> [Your goal] The output must contain exactly the lines from the top of the listing below through the line containing "Intellinet 5-Port Fast", and no pictures.

> [Data to examine]
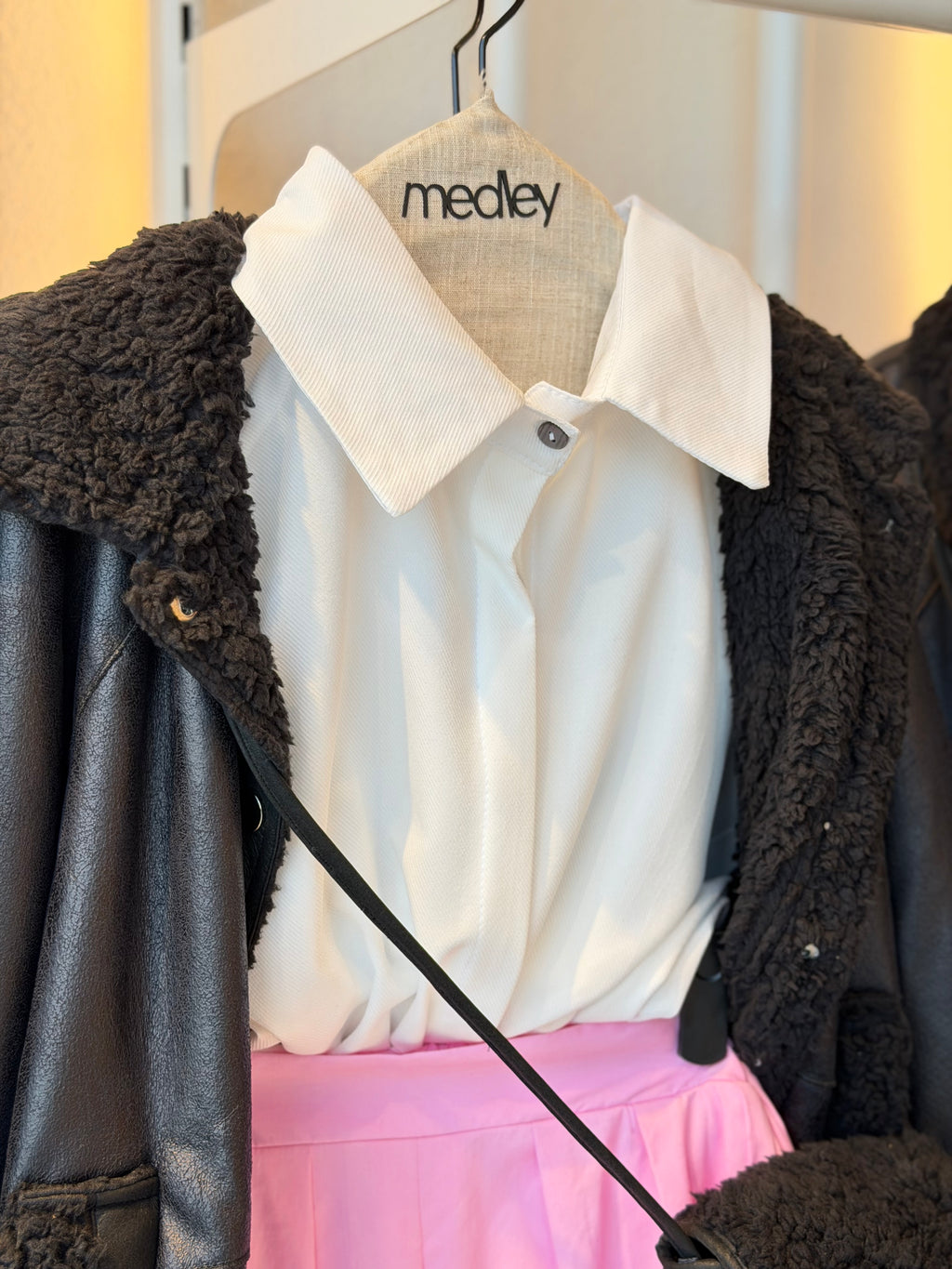 Black teddy bear jacket ( with double face bag )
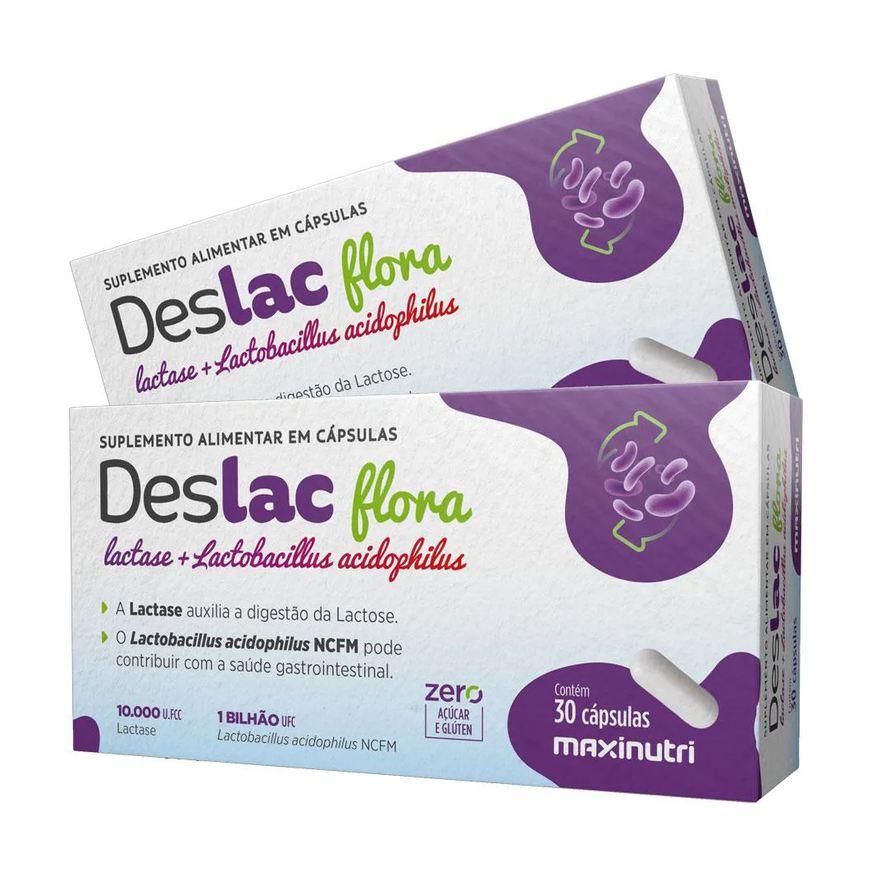 MAXINUTRI KIT 2 DESLAC FLORA LACTASE + LACTOBACILLUS ACIDOPHILUS 30 Cápsulas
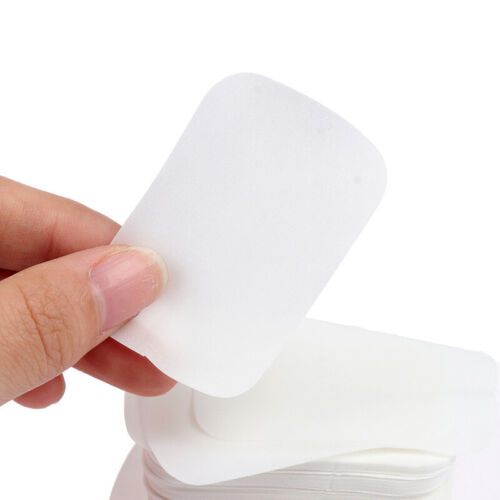 100 hojas de jabón de papel desechables portátiles solubles de viaje perfumado lavado a manos - Imagen 6 de 10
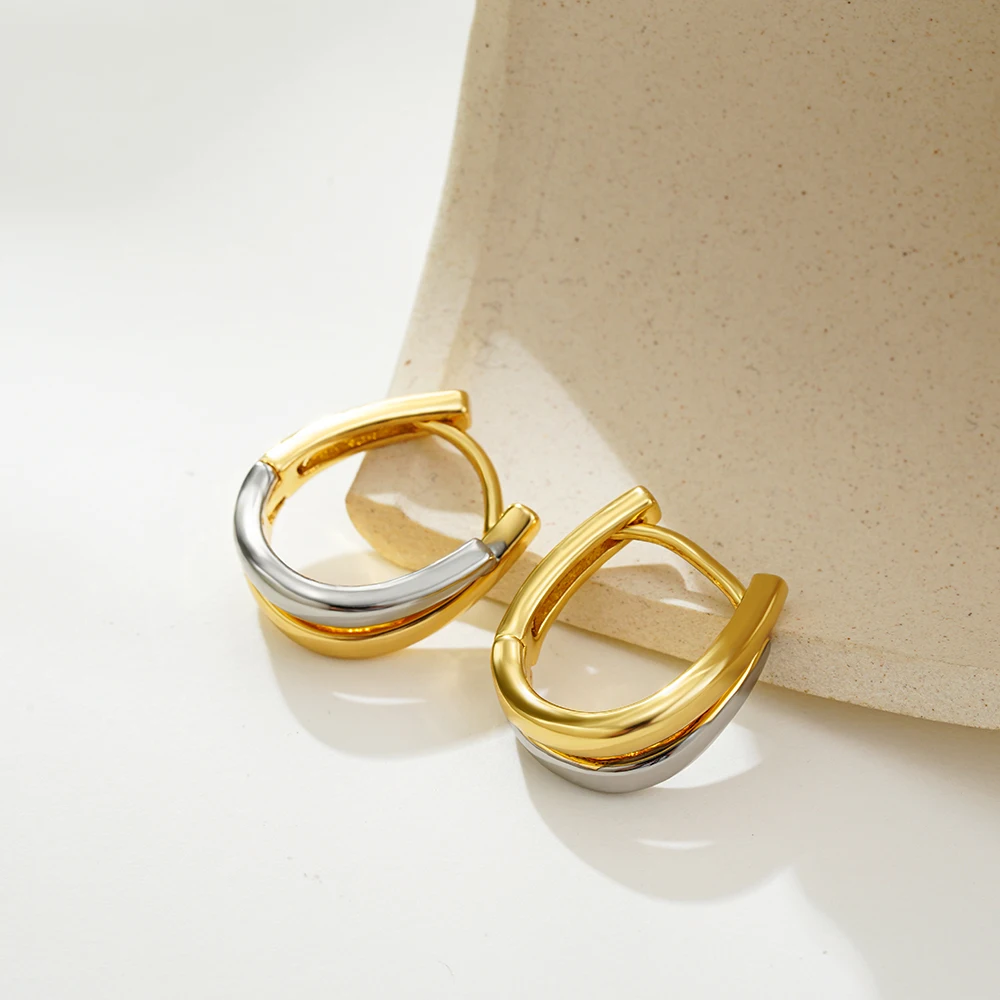 New Trendy Mix Color Bilayer U Shape Ear Buckle Small Huggie Hoop Earrings Waterproof Colorblocked Ear Ring Thanksgiving Gifts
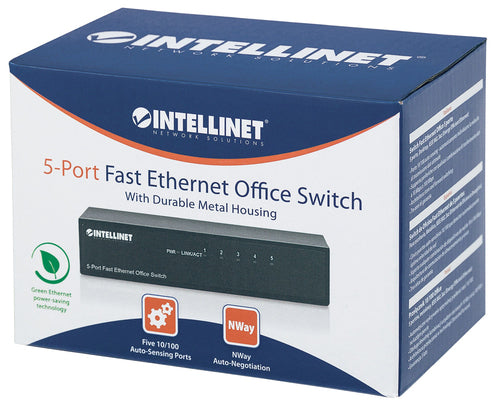 Intellinet 5-Port Fast Ethernet Office Switch, Desktop Size, Metal, IEEE 802.3az (Energy Efficient Ethernet)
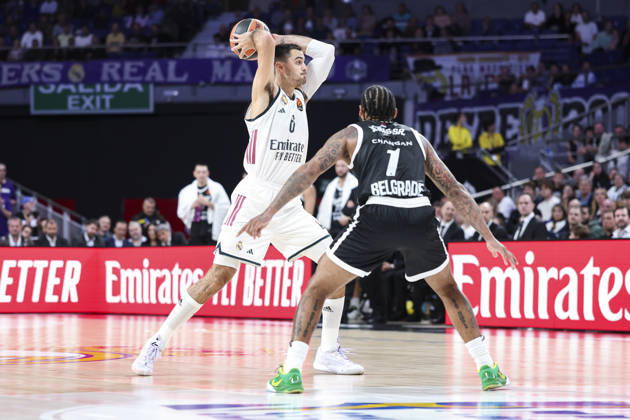 October 8, 2026, Madrid, Madrid, Spain: Alberto Abalde of Real Madrid in action during the Euroleague Basketball Regular Season Round 4 game between Real Madrid v Partizan Mozzart Bet Belgrade at Movistar Arena on October 08, 2026 in Madrid, Spain. Madrid Spain - ZUMAa181 20261008_zaa_a181_231 Copyright: xIrinaxR.xHipolitox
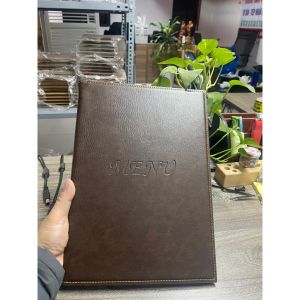 Bìa menu A4 ép chìm màu nâu đen cho nhà hàng khách sạn.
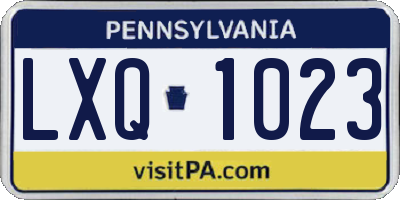 PA license plate LXQ1023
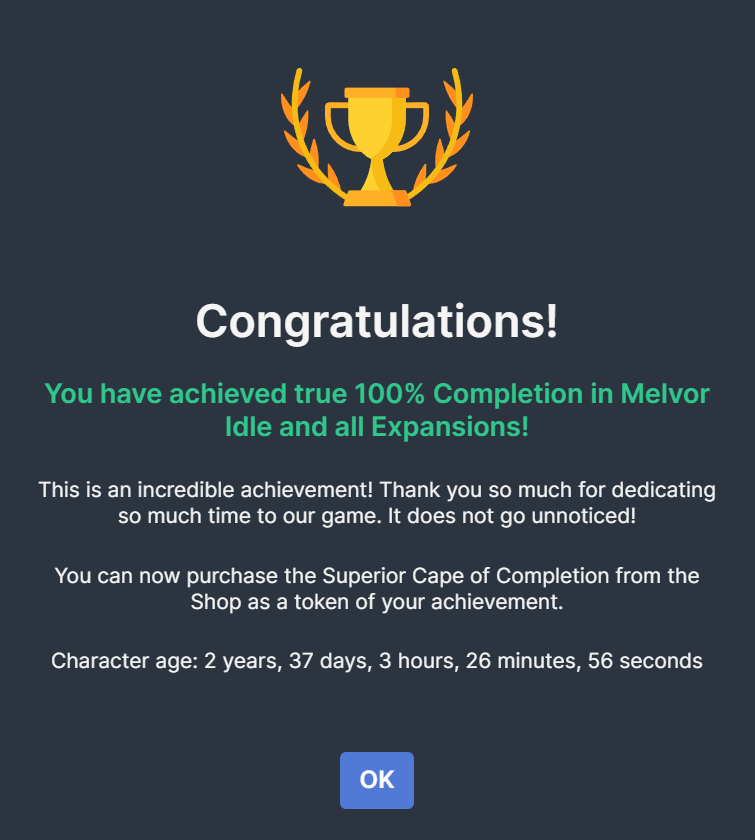 John Pi (@johnpidev) on Twitter photo Stupid expansion also completed! Let me know when the next one is ready <a href="/MelvorIdle/">Melvor Idle</a>! #WhatAmIgoingToDoWithMyLifeNow Stupid expansion also completed! Let me know when the next one is ready <a href="/MelvorIdle/">Melvor Idle</a>! #WhatAmIgoingToDoWithMyLifeNow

> [Written reply]
 Black teddy bear jacket ( with double face bag )
 MAXINUTRI KIT 2 DESLAC FLORA LACTASE + LACTOBACILLUS ACIDOPHILUS 30 Cápsulas
 100 hojas de jabón de papel desechables portátiles solubles de viaje perfumado lavado a manos - Imagen 6 de 10
 New Trendy Mix Color Bilayer U Shape Ear Buckle Small Huggie Hoop Earrings Waterproof Colorblocked Ear Ring Thanksgiving Gifts
 Intellinet 5-Port Fast Ethernet Office Switch, Desktop Size, Metal, IEEE 802.3az (Energy Efficient Ethernet)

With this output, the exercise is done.